The reality, of course, is not quite so straightforward. At first glance, a quick perusal of articles about religion in this month’s media seems a dispiriting return to business as usual. The business, of course, is the maddening contradiction that is human nature—made manifest, post-pandemic, in our inexorable tendency to shrink from our own limitations and liabilities, hiding our fear, guilt, and shame behind tired spiritual shibboleths, outdated institutional loyalties and facile political posturing. As the urgency of last year’s crisis of collective vulnerability begins to subside, so our spiritual receptivity and creativity withers, our hunger for meaning sated by the perception of safety and familiarity.
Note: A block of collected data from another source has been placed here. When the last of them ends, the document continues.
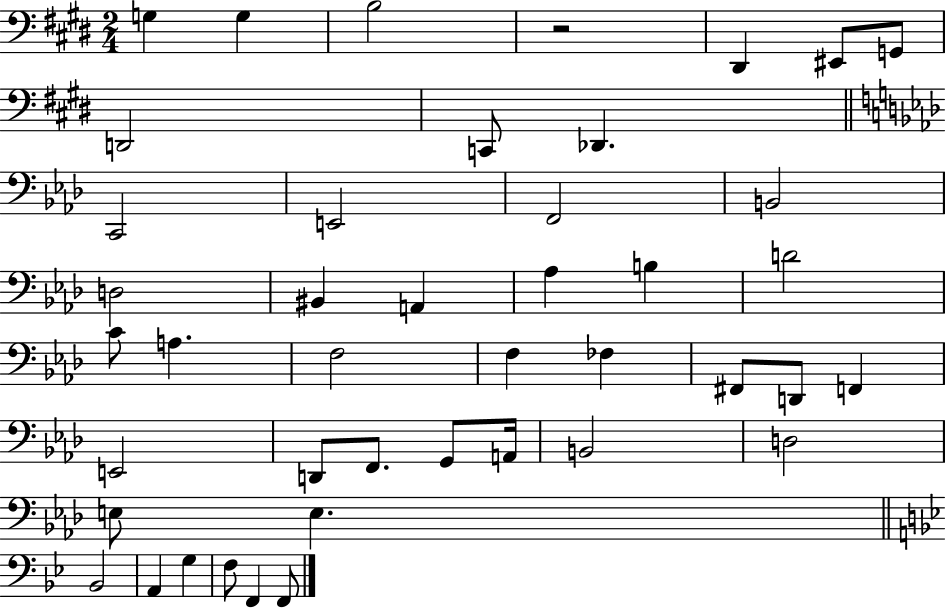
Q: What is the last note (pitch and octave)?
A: F2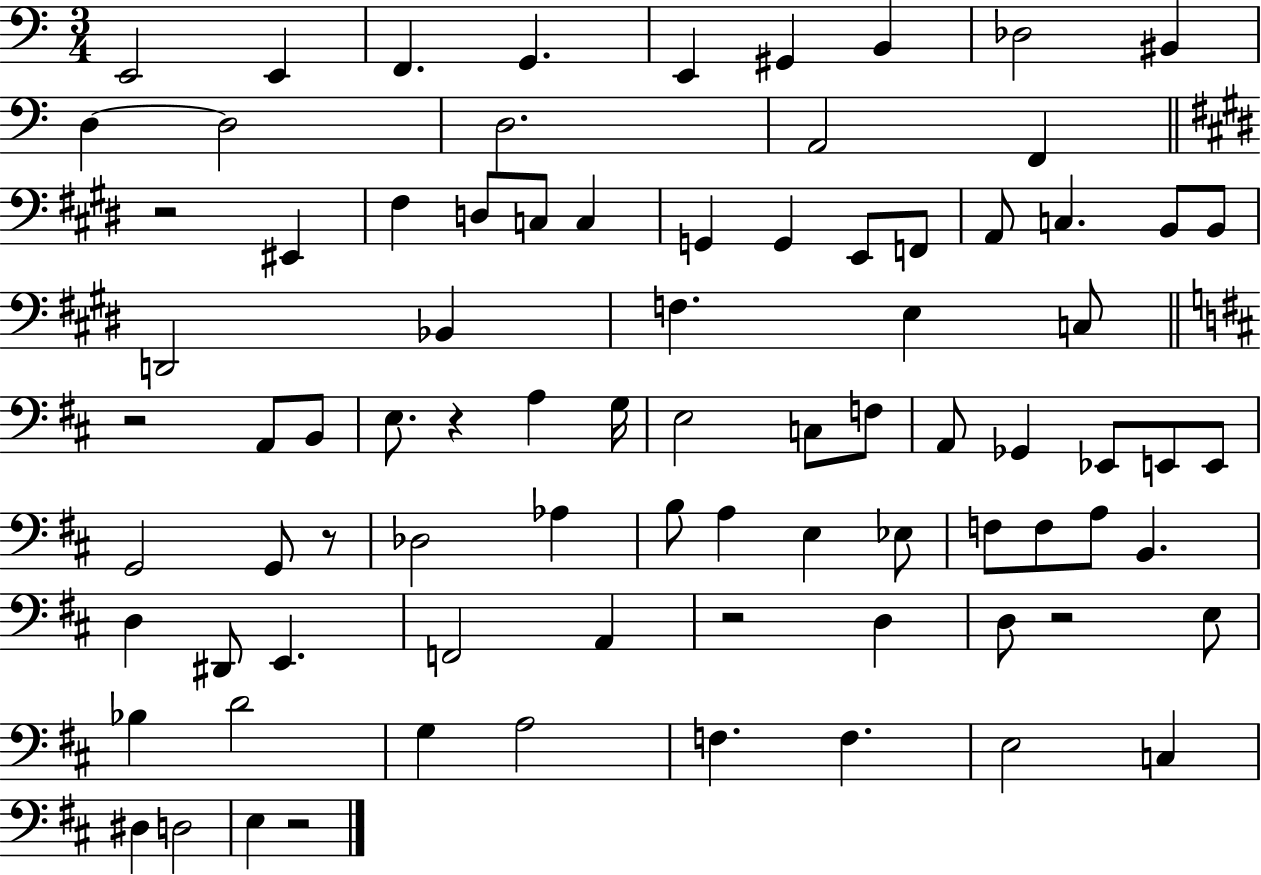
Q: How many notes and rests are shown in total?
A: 83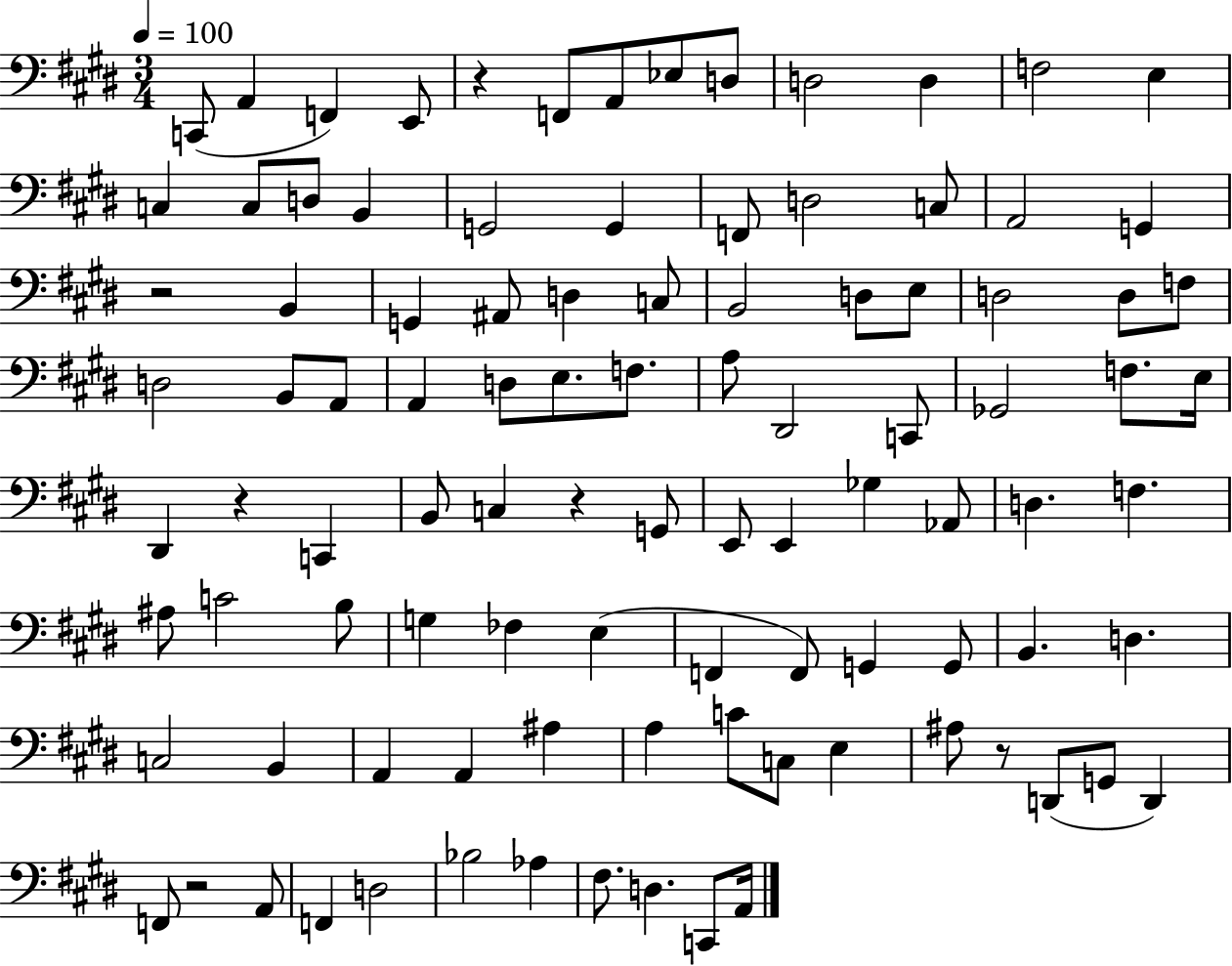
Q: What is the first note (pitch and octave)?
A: C2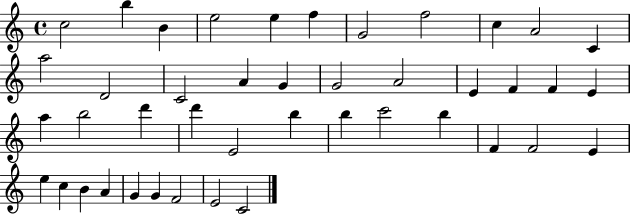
{
  \clef treble
  \time 4/4
  \defaultTimeSignature
  \key c \major
  c''2 b''4 b'4 | e''2 e''4 f''4 | g'2 f''2 | c''4 a'2 c'4 | \break a''2 d'2 | c'2 a'4 g'4 | g'2 a'2 | e'4 f'4 f'4 e'4 | \break a''4 b''2 d'''4 | d'''4 e'2 b''4 | b''4 c'''2 b''4 | f'4 f'2 e'4 | \break e''4 c''4 b'4 a'4 | g'4 g'4 f'2 | e'2 c'2 | \bar "|."
}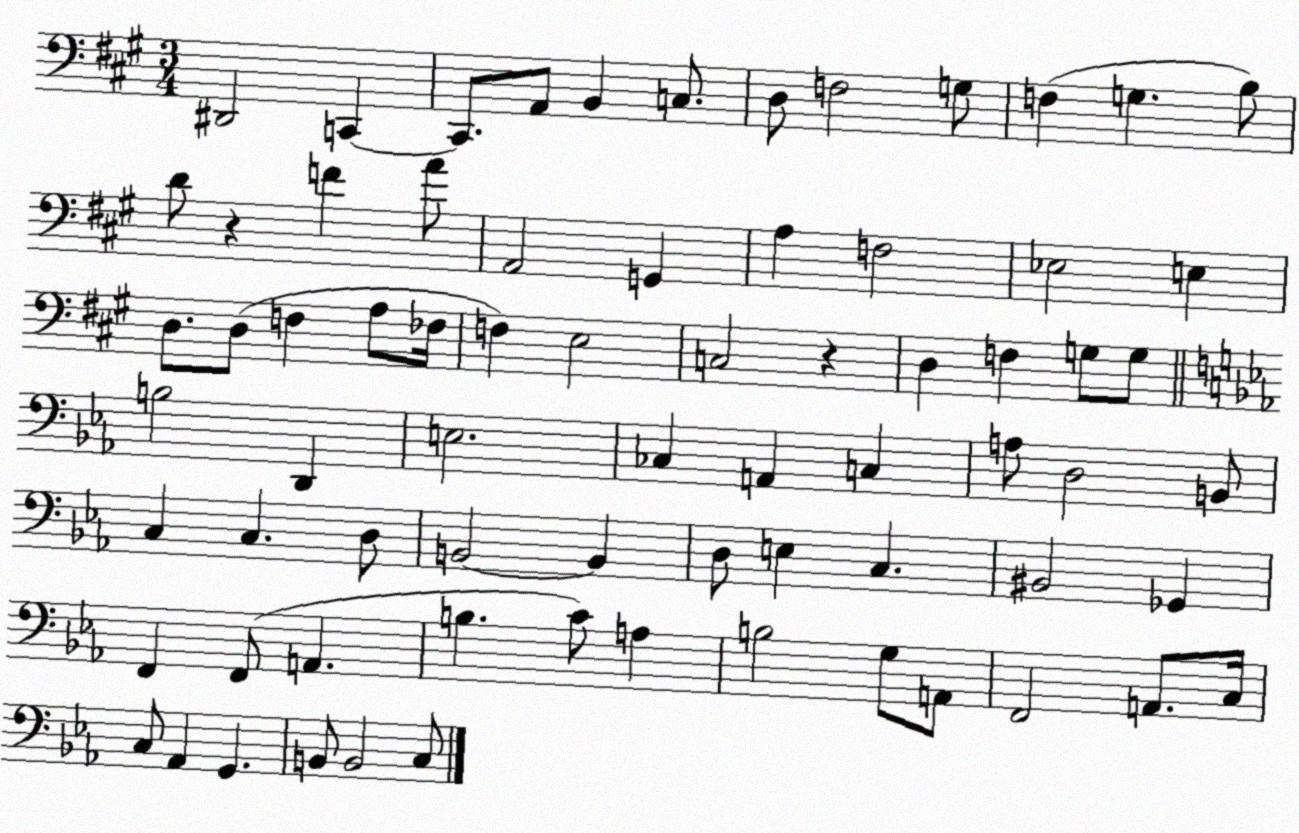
X:1
T:Untitled
M:3/4
L:1/4
K:A
^D,,2 C,, C,,/2 A,,/2 B,, C,/2 D,/2 F,2 G,/2 F, G, B,/2 D/2 z F A/2 A,,2 G,, A, F,2 _E,2 E, D,/2 D,/2 F, A,/2 _F,/4 F, E,2 C,2 z D, F, G,/2 G,/2 B,2 D,, E,2 _C, A,, C, A,/2 D,2 B,,/2 C, C, D,/2 B,,2 B,, D,/2 E, C, ^B,,2 _G,, F,, F,,/2 A,, B, C/2 A, B,2 G,/2 A,,/2 F,,2 A,,/2 C,/4 C,/2 _A,, G,, B,,/2 B,,2 C,/2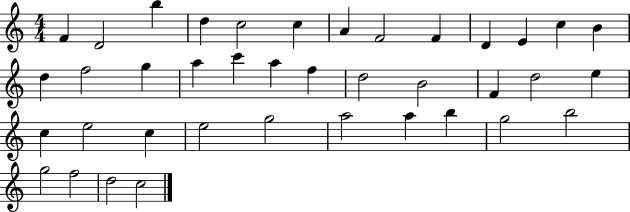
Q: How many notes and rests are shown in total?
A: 39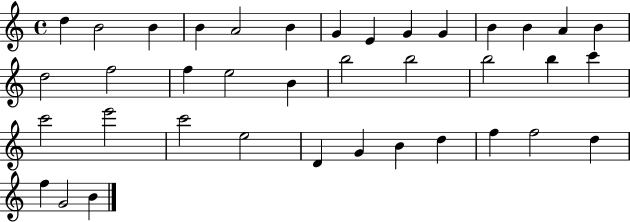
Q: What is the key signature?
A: C major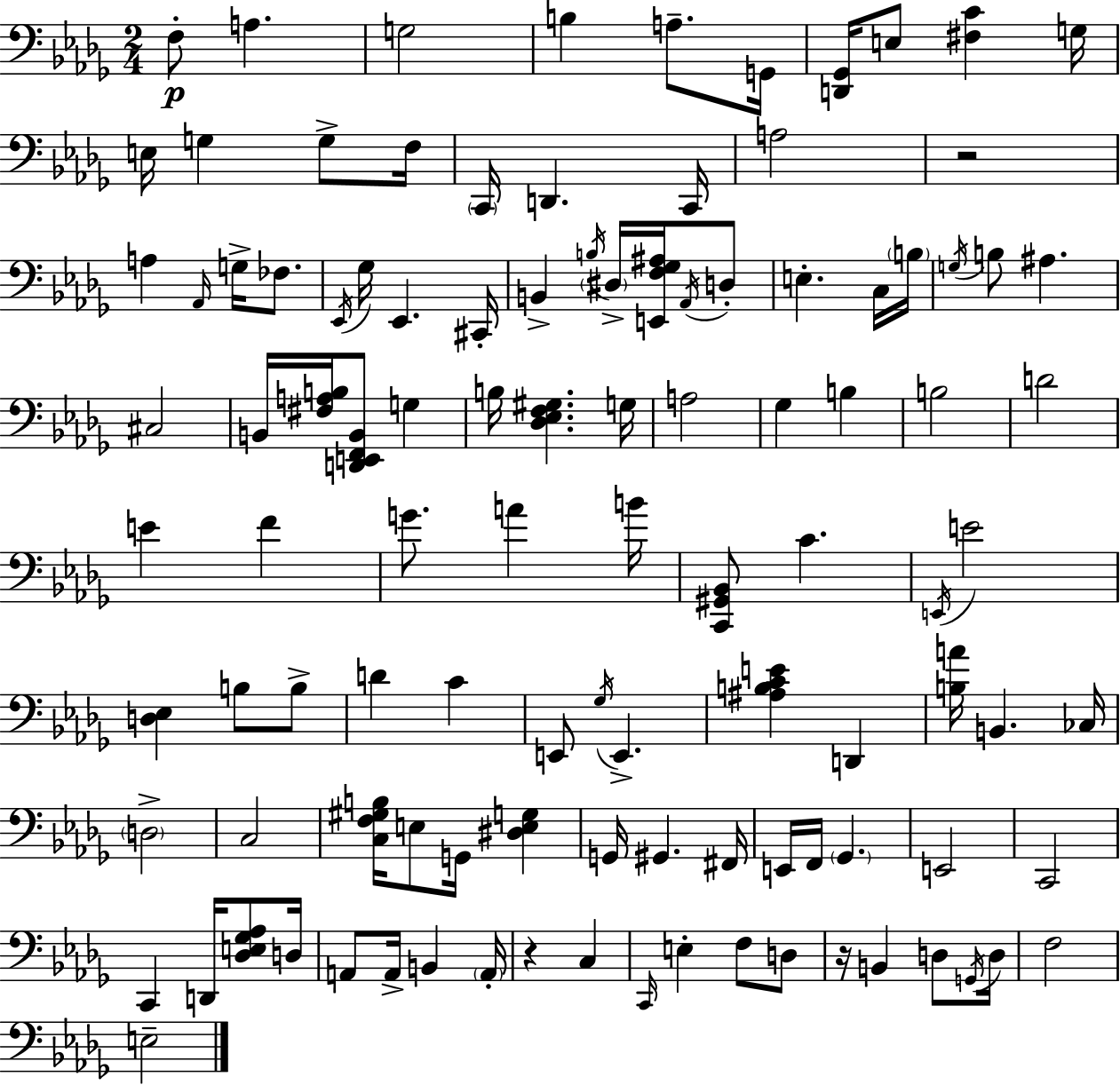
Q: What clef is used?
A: bass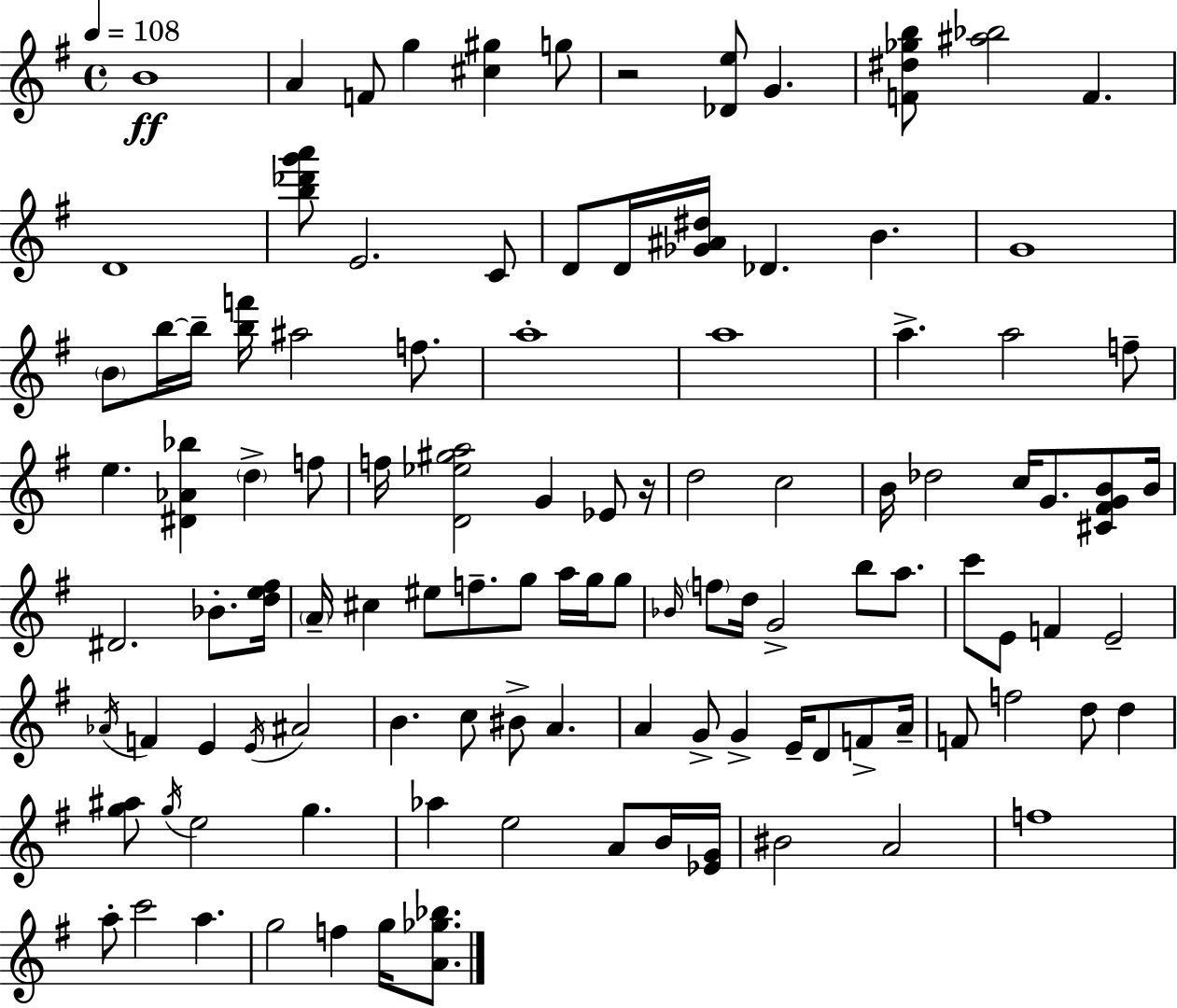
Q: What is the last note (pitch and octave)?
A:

In our rush to “get back to normal,” we are quick to reassert the primacy of “me” and “mine,” our natures’ better angels yielding to the idolatry of power and the accompanying objectification of others to which religious communities, their detractors, and those who tell their stories so easily fall prey.
It is not surprising, then, that in this month’s news, religion’s vitality and genius—its compassionate imagination, creative community-building, and its healing power—have disappeared, while the static category of religion as object, institution, and identity-marker has reasserted itself. The United Nations’ Human Rights Council issued a report in March noting that anti-Muslim incidents were on the rise across the world, while here in the US the Anti-Defamation League warned that incidents of anti-Semitism doubled last month in comparison with a year ago. The Roman Catholic Church worldwide continues to experience significant challenges from within and beyond its ranks concerning its leaders’ response to clergy sexual abuse, while the Southern Baptist Convention—reputedly the largest US Protestant denomination—is still in the midst of its own reckoning with sexual abuse in its ranks. Last week’s releases of leaked letters and secret recordings from within the organization show that top leaders were slow to address sexual abuse among their own clergy, registering more concern about the SBC’s reputation and donations than about victims. Meanwhile, Southern Baptists approach their annual convention this week amidst a growing chorus of calls for racial justice and accountability voiced by many leaders among their large African American constituency.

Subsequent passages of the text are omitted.